British guitarist Slash is best known as the lead guitarist for the bands Guns N' Roses and Velvet Revolver.

He was born Saul Hudson on July 23, 1965, a few days after the release of  "Like A Rolling Stone" single, and two days before  Bob Dylan "going electric" at Newport. Almost 25 years later, in April, 1990, Slash overdubbed a guitar solo on the Dylan track "Wiggle Wiggle".

The sessions were produced by Don and David Was of the band Was (Not Was), along with "Jack Frost" - Dylan's first use of the pseudonym he would be known as when producing his own records. Don Was was a hot producer at the time, espeically after the success of Bonnie Raitt's 1989 "comeback" album, Nick Of Time. Was tried to use a similar formula with Dylan on the 1990 album Under A Red Sky.  It was also Was' idea to keep the length of the album under 40 minutes, something he later regretted. 

The results were considered disappointing both critically and commercially, especially after success of 1989's Oh Mercy album, although the album does have its supporters. Al Kooper referred to this as "the hood album", since Dylan dressed for the sessions in a sweatshirt, with his head covered by a hood. According to one source, Dylan would randomly give people he didn't know made-up monikers like "Fred", instead of learning their real names.

(Columbia Records)

Was also brought in many famous "guest stars" for the project, including Stevie Ray Vaughan (who Dylan allegedly did not recognize without his hat) and his brother Jimmie (of the Fabulous Thunderbirds), David Lindley,  Bruce Hornsby and Al Kooper. After Dylan's vocals were done, Was brought in more "stars" to overdub their parts, including David Crosby, George Harrison, Elton John, and Slash. According to Was, the Randy Jackson that played on the album was the one that ended up on American Idol. Wikipedia states that it was the Randy Jackson of the Jackson 5. Coincidently, around this time, Slash was collaborating with Michael Jackson.

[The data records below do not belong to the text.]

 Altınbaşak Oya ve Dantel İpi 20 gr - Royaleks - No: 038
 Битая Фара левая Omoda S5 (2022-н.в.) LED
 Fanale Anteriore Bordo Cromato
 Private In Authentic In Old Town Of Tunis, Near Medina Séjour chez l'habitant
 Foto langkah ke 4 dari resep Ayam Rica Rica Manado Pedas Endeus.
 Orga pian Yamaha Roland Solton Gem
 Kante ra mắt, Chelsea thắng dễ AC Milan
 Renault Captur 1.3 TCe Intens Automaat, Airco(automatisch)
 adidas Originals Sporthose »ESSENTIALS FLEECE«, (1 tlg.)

Dylan looked "beleaguered" at the sessions, according to Was. While it was difficult to know his exact state of mind at the time, Dylan was probably a bit suspicious of the by-the-numbers production and  all-star musicians used on the album.

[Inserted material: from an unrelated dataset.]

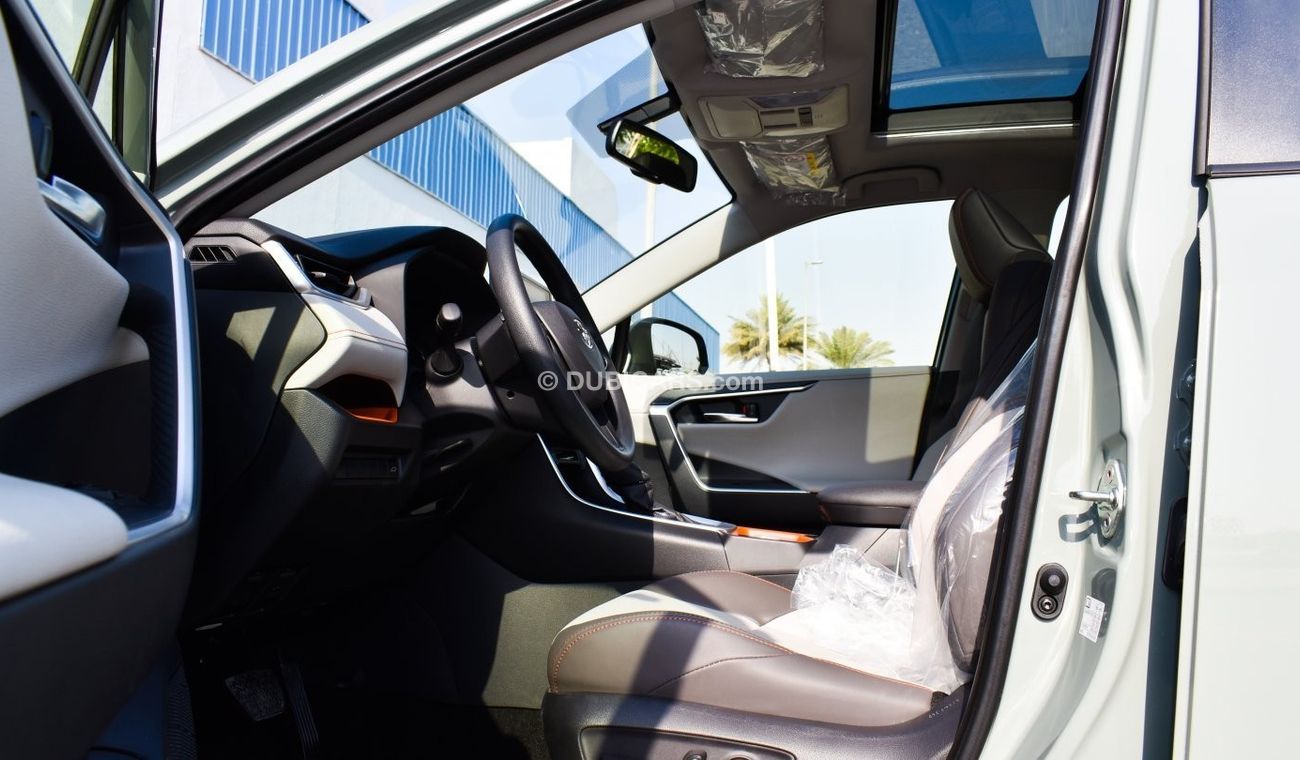 Toyota RAV4 TOYOTA RAV4 ADVENTURE 2023 - 2.5L PETROL GREEN COLOR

While Dylan had been friends with Crosby, Kooper, and Harrison for years, and must have at least known  - or been aware  - of some of the other "name" artists in the studio, he did not seem impressed with the appearance of the new kid, Slash. 

The Guns N' Roses guitarist was invited, probably by Was,  to play on "Wiggle Wiggle", one of the songs on Under The Red Sky that fans speculate was originally written as a nursery rhyme (albeit with much different lyrics). The album was dedicated to "Gabby Goo Goo", a nickname for Dylan's young daughter, Desiree Gabrielle Dennis-Dylan,  although this was not public knowledge at the time. 

Slash was famous for being a hard rock guitarist. Dylan asked Slash to play like the jazz legend, Django Reinhardt.

Of course it is not known what Dylan meant by this remark. The most common interpretations are that Dylan was putting Slash on, or putting him in his place. However, it could be that Dylan was trying to get Slash to play a little differently than he usually did.

In any case, when Slash was asked about it years later, he still seemed baffled by Dylan's remark .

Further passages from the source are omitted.